Above the town on a higher ridge is another Hindu temple, replete with rhesus macaques that need a stick to beat off. Since we were feeling the efforts of climbing up to the top behind Rewalsar Lake, we needed a lot more conditioning still. Even walking from the bus stop to the backpackers' hotel was hard work. But in our defence, it was all uphill AND we had come from 1350m to 2200m in the space of 9hrs. No sympathy? b******s.....
At the top of this hill, after a little bit of effort and plenty of admiring the views, with sticks in hand we made this little sanctuary of peace for views to the north and far into the deep Indian Himalayas. All around us the monkeys roam freely and jump from tree to tree or groom and play with each other, but they are just waiting their chance! On the way up to the temple, a signs says that you need to, among other things, is take care of your goggles. Your goggles? What for? The stick was to keep the monkeys at bay if they felt that what you had in your hand needed to be in their hands and, shortly after, their mouths. But it seems that those Indian food sellers and the monkeys have a scam going. It is a win-win-lose situation.
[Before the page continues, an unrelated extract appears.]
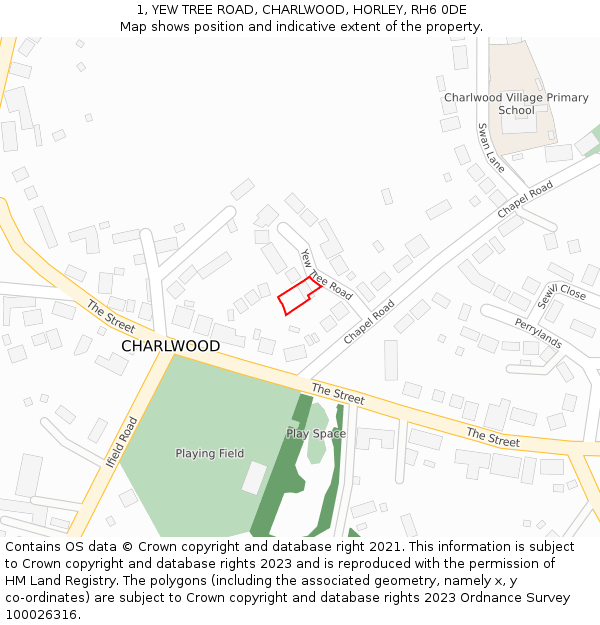 1, YEW TREE ROAD, CHARLWOOD, HORLEY, RH6 0DE: Location map and indicative extent of plot
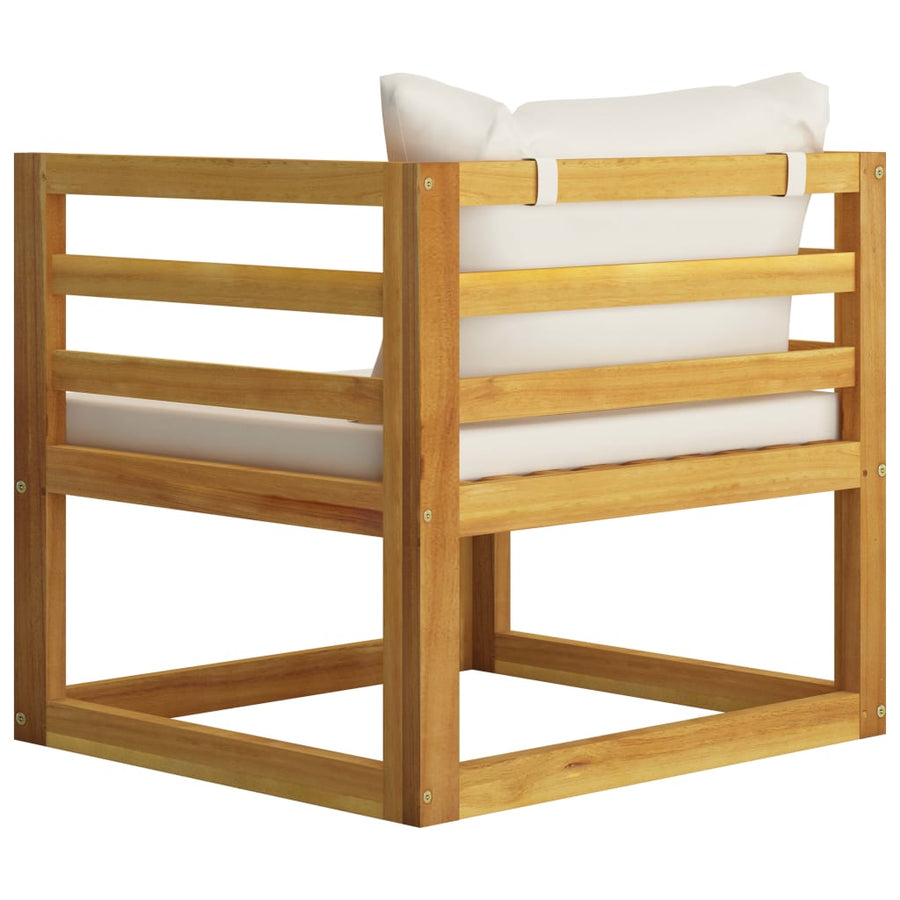 Tuinstoel Met Kleurige Kussens Massief Acaciahout crème Fauteuil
Monkey grabs Ing's sunglasses (ahhh...THOSE goggles!) bends them out of shape and hightails it to the food seller with me in hot pursuit, with stick in hand (I will defend your honour, my love!), the monkey grabs a bag of food, drops the glasses and makes for the trees with nobody in hot pursuit. But food needs to be paid for; and guess who does that? Since this monkey grabbed two bags of food, I needed to pay for them both! I don't think so......get your monkey a little better trained......See? Win-for-monkey-win-for-Indian food seller-and-lose-for-knight in sweaty shirt and dirty socks!
But monkeys or not, the best hotel has to be the Cecil. Here is old-world Victorian elegance and class encapsulated especially for the likes of us that can only afford a beer, cooldrink and some spiced nuts. But they do just keep bringing that peanuts and crisps like there is no tomorrow (when you are on a budget and the hotel just brings out more and more crisps and nuts, it is amazing how long a beer can last!)! It seems as if not much might have changed here since it opened way back when. It seems that electricity and modern plumbing are the only concessions to the modern age. It was not hard to imagine the likes of Kipling and other British Empire notables and dignitaries in their supper best enjoy a drink in the alcove next to us. It seems a place for the ghosts of the Victorian era's past; and a very pleasant one at that!
Being so high above the plains of India, the Himalayas act as a brake on the massive weather fronts that brew there and Shimla seems to be the first stop on their journey to the higher peaks. Later that night it felt as if the thunder and lightning was trying to break into our room. Either that, or it had got into our chests and was trying to break out again. The windows shaked in their frames and the rain pelted the glass. Thank goodness for a warm bed and British engineering that built this building when Victoria was still Queen!